Commits: 1e35bc9 90b88fd b48821a

@firebird-automations
Copy link
Collaborator Author

Commented by: @hvlad

INET/inet_error: accept errno = 10038

>>>> MSDN
WSAENOTSOCK
10038

Socket operation on nonsocket.

An operation was attempted on something that is not a socket\. Either the socket handle parameter did not reference a valid socket, or for select, a member of an fd\_set was not valid\. 

>>>> MSDN

As error was found at call of accept() then we have bad listener socket. Don't ask me why and how it became wrong.
Firebird able to detect such condition and to remove bad socket from internal list (correctly closing connection of course).
Therefore next message :

INET/select_wait: found "not a socket" socket : 504

504 is a numeric value of bad socket.

But this ability seems not ready to deal with listener socket (all known to me cases was about worker sockets) and bad socket not removed from list and network server enters and endless loop. This is error i going to fix.

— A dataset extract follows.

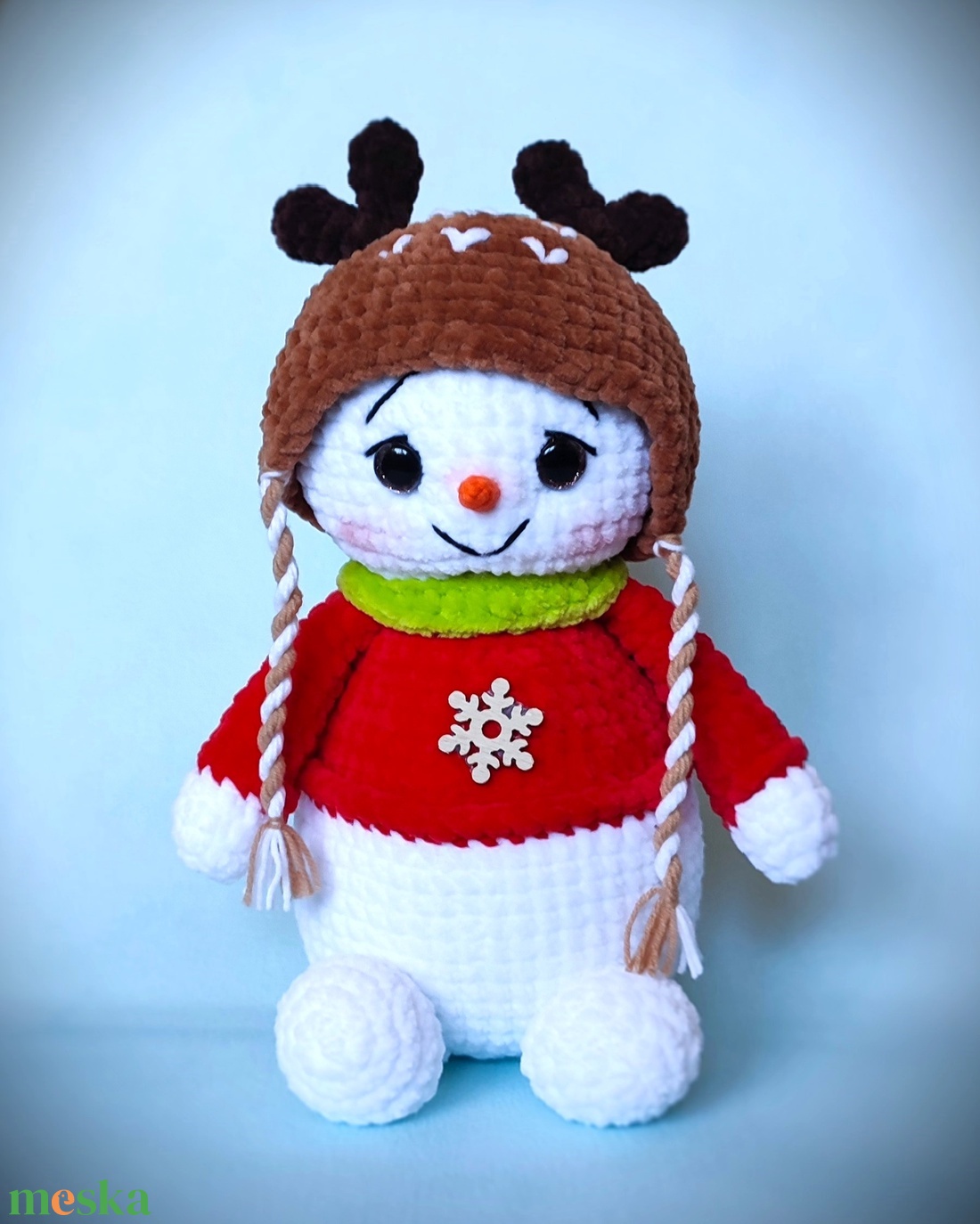 Horgolt hóember rénszarvas sapkában - játék & sport - plüssállat & játékfigura - plüss mesefigurák - Meska.hu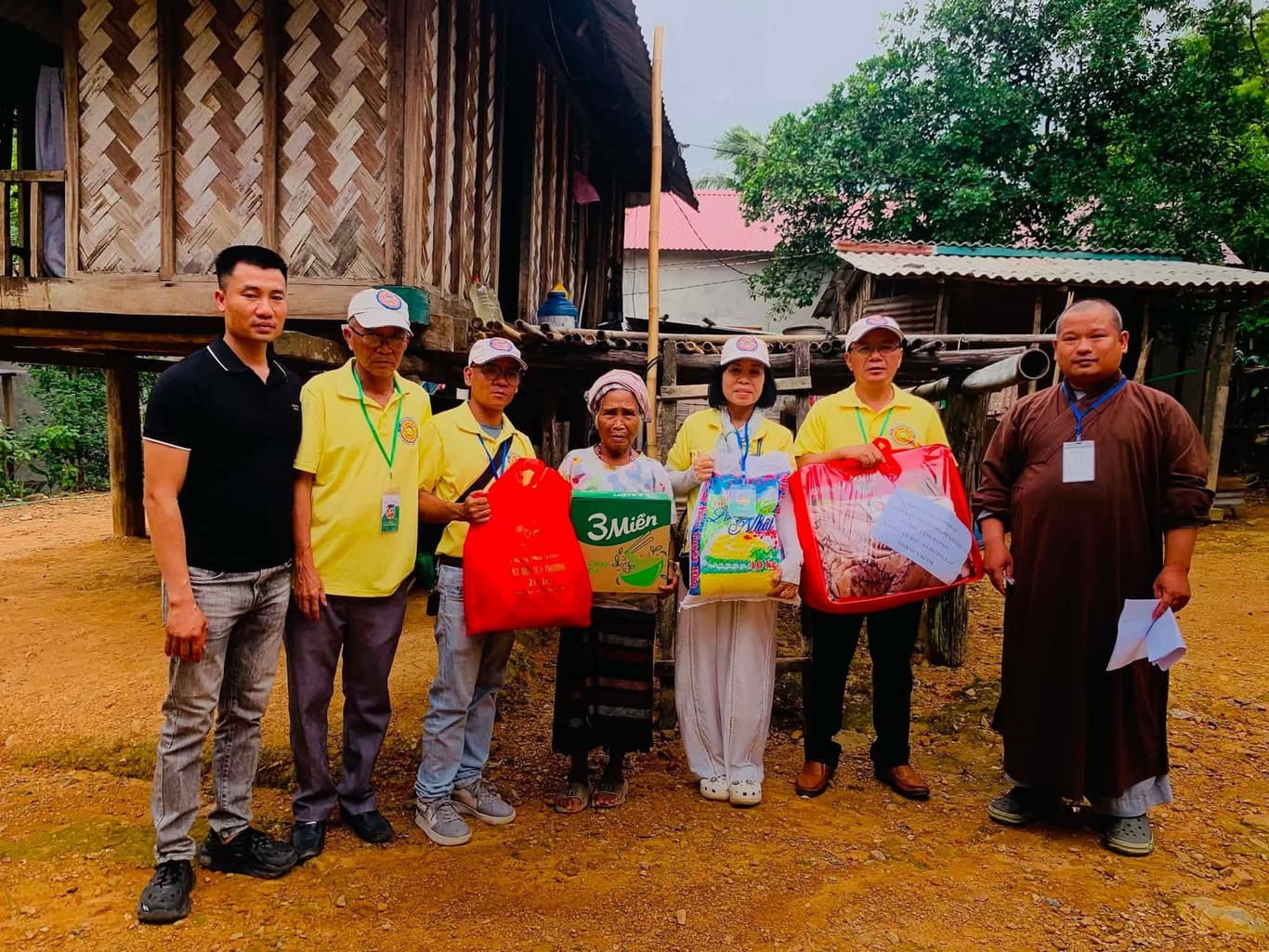 Từ thiện mùa Phật đản — 7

As for corrupted indices - we know you have a lot of indices so no wonder some of them was corrupted after "stop hardly the firebird process".
Anyway, i would like to look at that part of firebird.log with corruption errors.

@firebird-automations
Copy link
Collaborator Author

Modified by: @hvlad

assignee: Vlad Khorsun [ hvlad ]

@firebird-automations
Copy link
Collaborator Author

Commented by: vander clock stephane (arkadia)

thanks Vlad,

>> But this ability seems not ready to deal with listener socket (all known to me cases was about worker sockets) and bad socket not removed from list and network server enters and endless loop. This is error i going to fix.

great !

>> As for corrupted indices - we know you have a lot of indices so no wonder some of them was corrupted after "stop hardly the firebird process".

yes it's possible, but the corrupted index is often on our database (every 2/3 weeks). the problem is that to check the database we must fully stop the server to run the gstat and gstat take few hours all the time to run. so most of the time we detect the corrupted index when the server is "over" and no other choice that fully stop our services, and we use this time to run gstat ...

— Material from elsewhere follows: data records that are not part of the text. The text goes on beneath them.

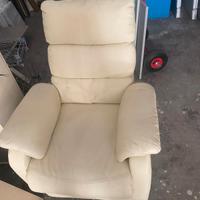 poltrona in color panna 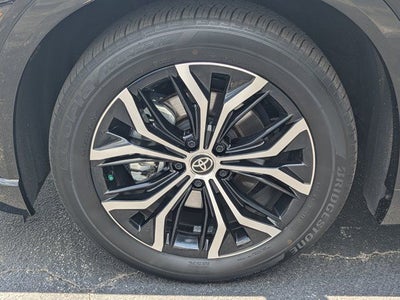 2025 Toyota Crown Signia XLE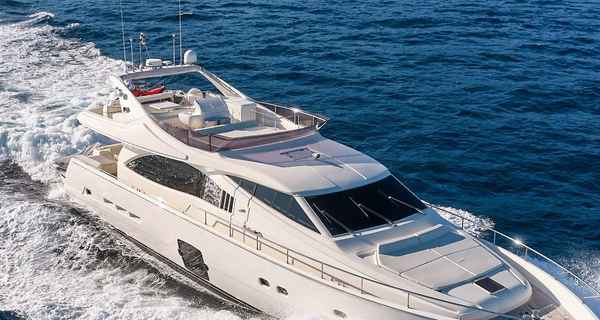 Ferretti 74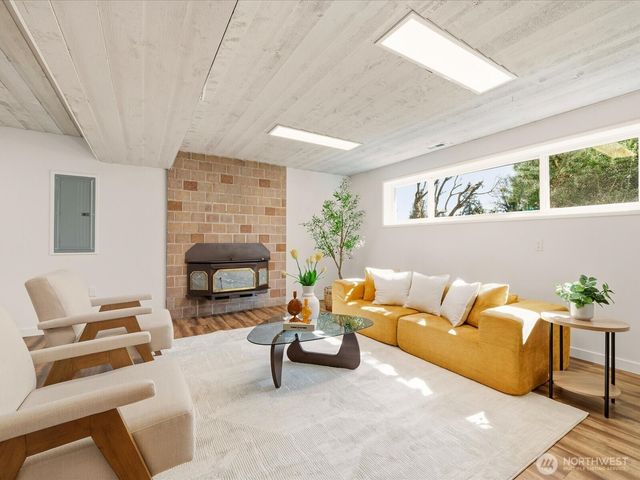 12570 SE 70th Street, Newcastle, WA 98056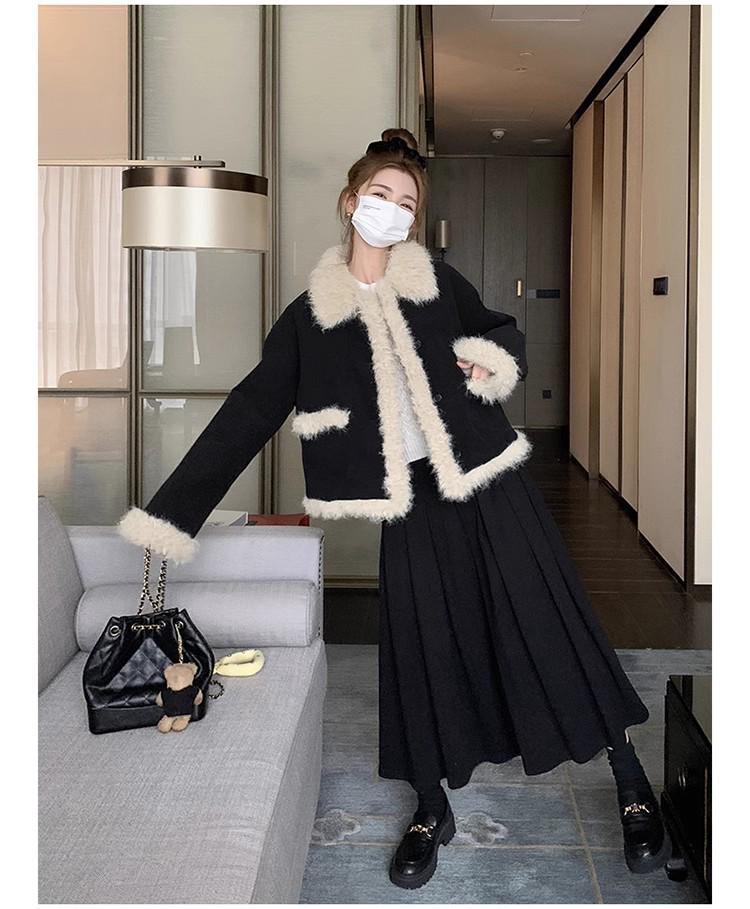 2023 Winter Women's Retro Lambswool & Cotton-Padded Jacket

>> Anyway, i would like to look at that part of firebird.log with corruption errors.
aie, the firebird.log was so big after this bug that we was forced to delete it. but all the row in it was the same, because firebird server was always
adding theses rows :

DATABASESERVER Sun Aug 29 05:02:59 2010
INET/inet_error: accept errno = 10038
DATABASESERVER Sun Aug 29 05:02:59 2010
INET/select_wait: found "not a socket" socket : 504

but after kill the firebird process (by stopping the service) and restart it, the firebird was working ok !

@firebird-automations
Copy link
Collaborator Author

Commented by: vander clock stephane (arkadia)

>> But this ability seems not ready to deal with listener socket (all known to me cases was about worker sockets) and bad socket not removed from list and network server enters and endless loop. This is error i going to fix.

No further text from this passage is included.